DATA BELOW ▸
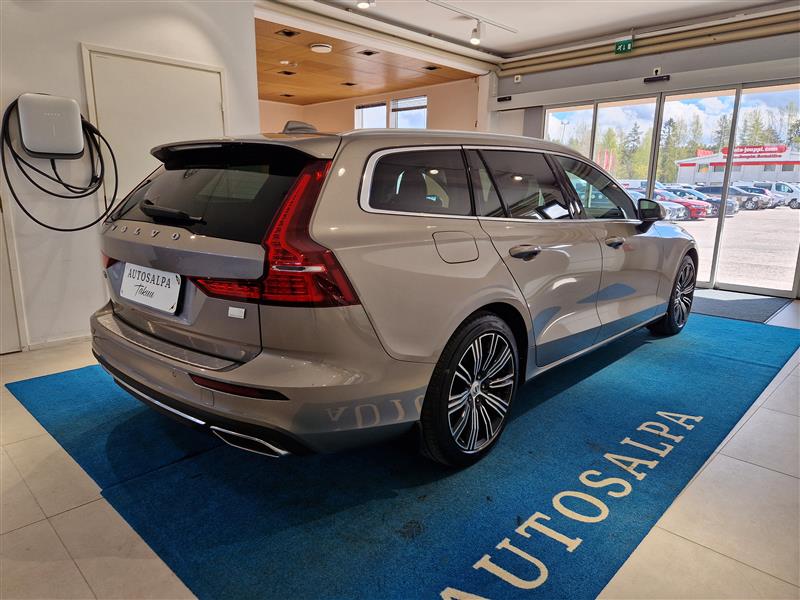 Volvo V60 2022, kuva 3/28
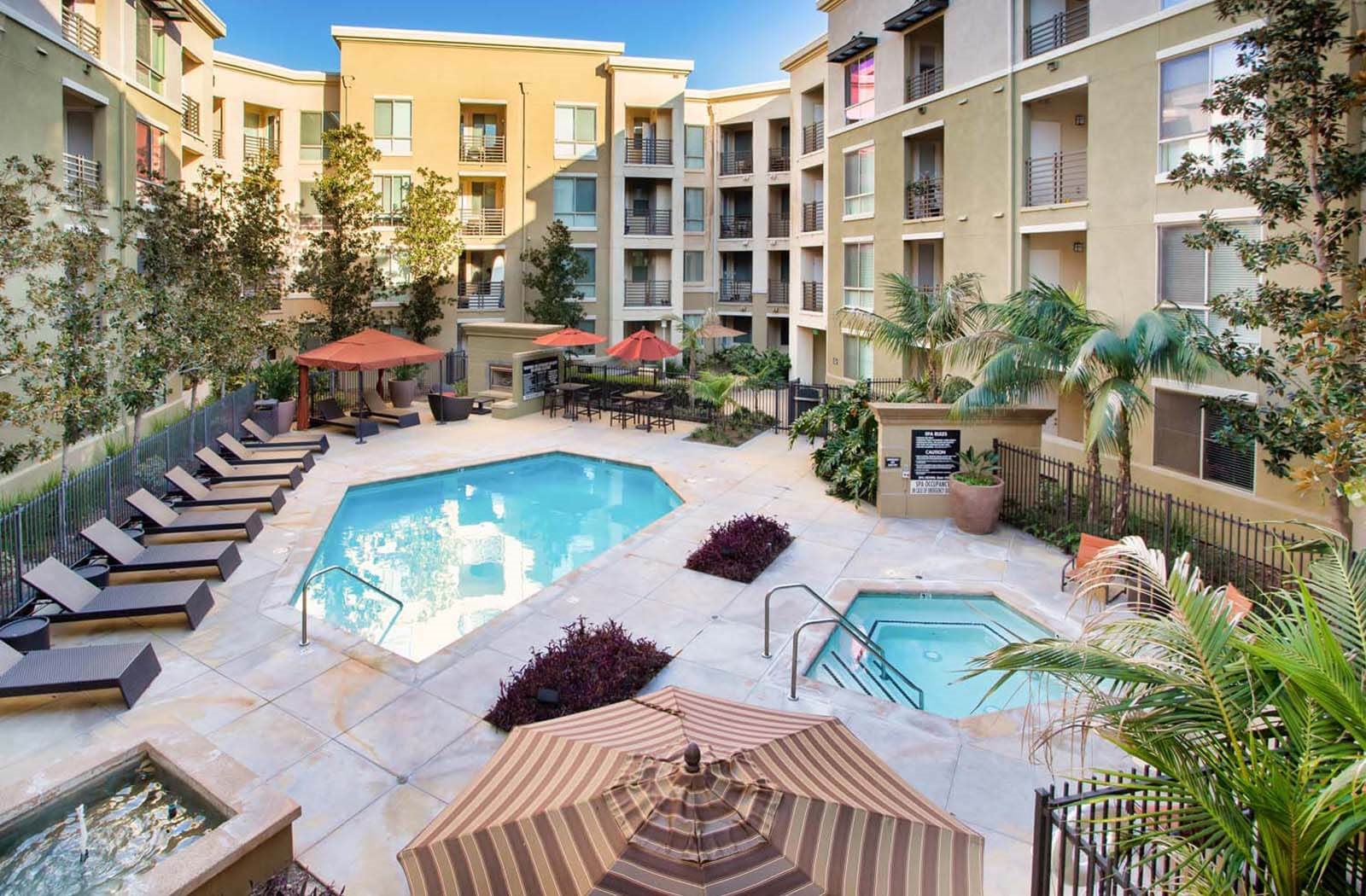Woodland Hills Ca Apartments The Enclave At Warner Center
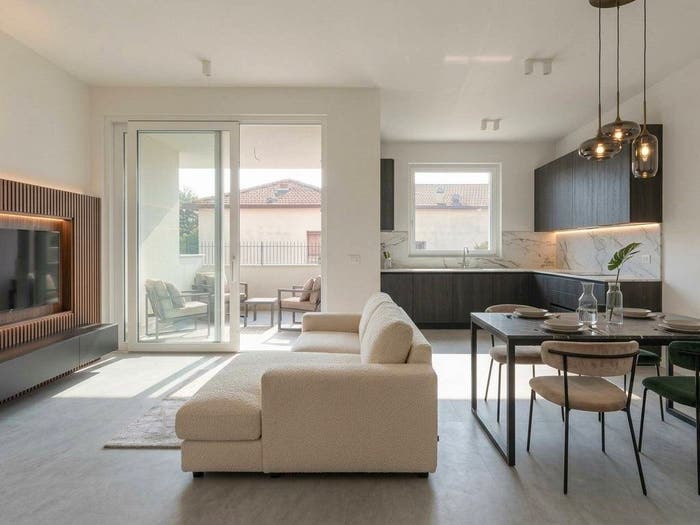 Appartamento trilocale in vendita in Via Guglielmo Oberdan, Centro, Arosio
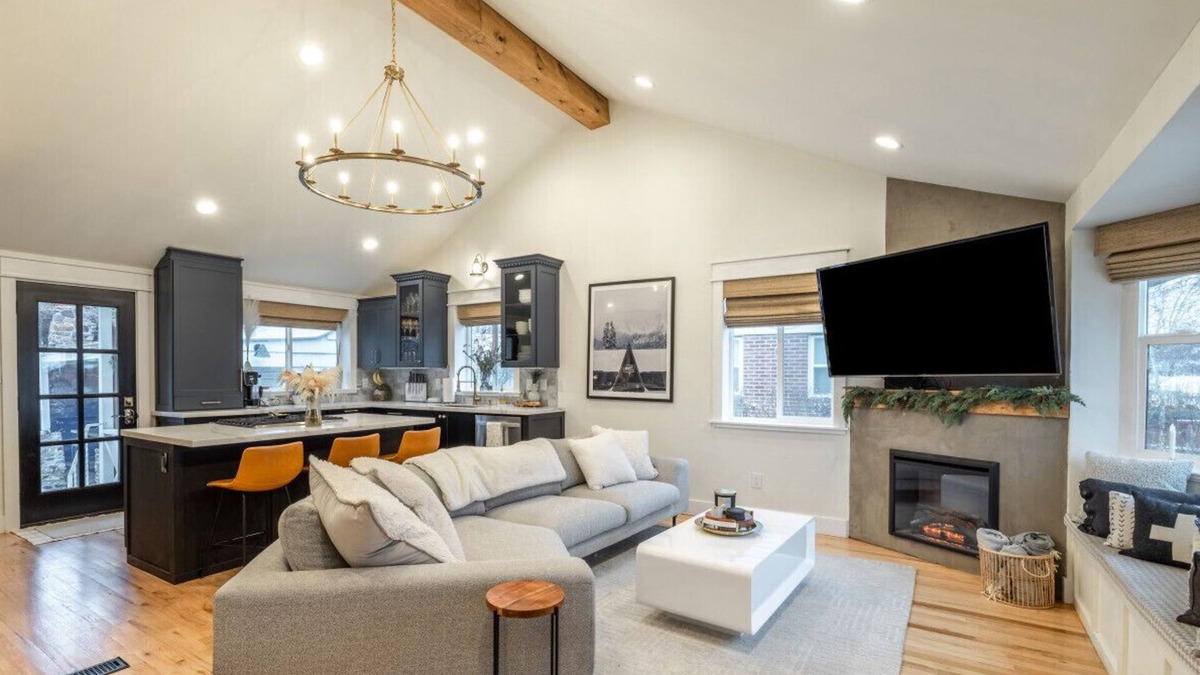 Sugar House House | Hot Tub|Office|Remote Work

EXERCISE DETAILS ▸ Go through the data and return every word of it verbatim, leaving out the pictures.

TASK RESULT ▸
 Volvo V60 2022, kuva 3/28
Woodland Hills Ca Apartments The Enclave At Warner Center
 Appartamento trilocale in vendita in Via Guglielmo Oberdan, Centro, Arosio
 Sugar House House | Hot Tub|Office|Remote Work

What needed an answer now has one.